In light of Adam Toledo's death, Little Village parents speak on loss of young life in community

Two mothers are sharing their loss and concern about the young lives being taken in the Little Village community in light of Adam Toledo's death.

Video Transcript

MAKI CAMACHO: Whoever Adam was, at the end of the day it's a 13-year-old boy shot and killed. That's it. That's it. Background, no background, doesn't matter. A 13-year-old boy shot and killed.

YUKARE NAKAYAMA: In the last couple of weeks, the Toledo family has joined a group of mothers, fathers, and siblings in Little Village who grieve the loss of a loved one taken by gun violence.

CATALINA ANDRADE: It's just sad that our kids are taking-- they're taking our kids. Our kids should be free to be everywhere they want in our city. This is a beautiful city.

YUKARE NAKAYAMA: Last summer, Catalina Andrade lost her 18-year-old son, Miguel Angel Rios, after he was shot during a robbery. She and several other families have formed a support group that meets weekly at La Villita Community Church.

MAKI CAMACHO: There's an immense need for families that have lost their loved ones, especially sons and daughters.

YUKARE NAKAYAMA: Maki Camacho is a social worker and support group leader. She says the group was created last summer out of necessity. Camacho says she has counseled over 30 grieving parents at a time.

The amount of parents that you see every Monday here at the church, what does that say about the issue of gun violence and the loss of teen life here in Little Village?

MAKI CAMACHO: I mean, it is a pandemic in the community.

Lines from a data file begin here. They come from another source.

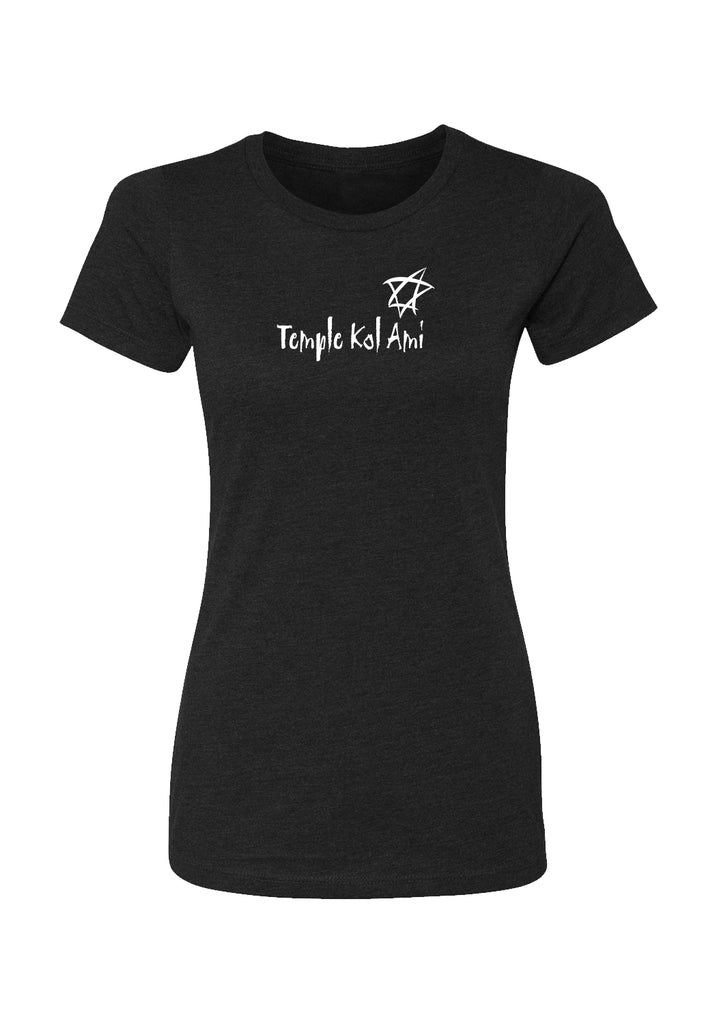 Temple Kol Ami women's t-shirt (black) - front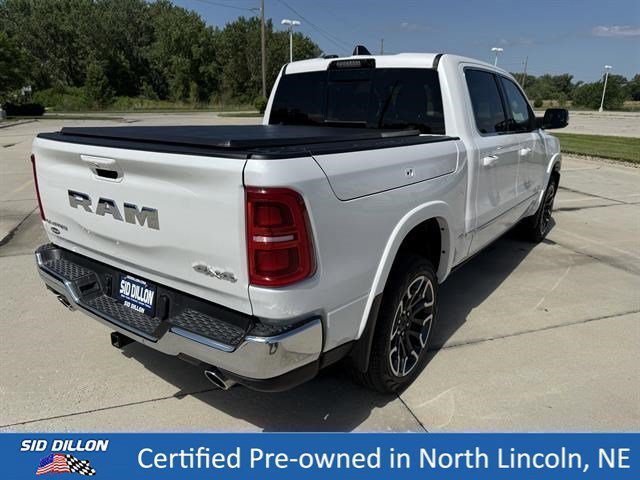 Used 2025 Ivory White Tri-Coat Pearlcoat Ram Limited image 9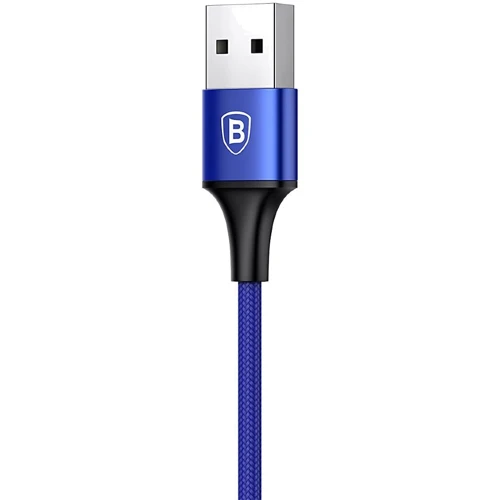 Кабель Baseus USB Cable to Lightning/microUSB/USB-C Rapid 1.2m Blue (CAMLT-SU13) фото 6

CATALINA ANDRADE: You see other parents and you realize that it's not only you. There's a lot of parents out there suffering the same as me.

YUKARE NAKAYAMA: And for some, the suffering is made worse by the wait for justice. Maria Monroy's daughter, Angie, was shot and killed while walking home from work in 2019.


INTERPRETER: Right now, there has been no justice for my daughter. And I'd like to know how long I'll have to wait to see justice.

YUKARE NAKAYAMA: Andrade and Monroy say they'll continue to share the memories of their children as they work to heal from their loss.

In Little Village, Yukare Nakayama, ABC7 Eyewitness News.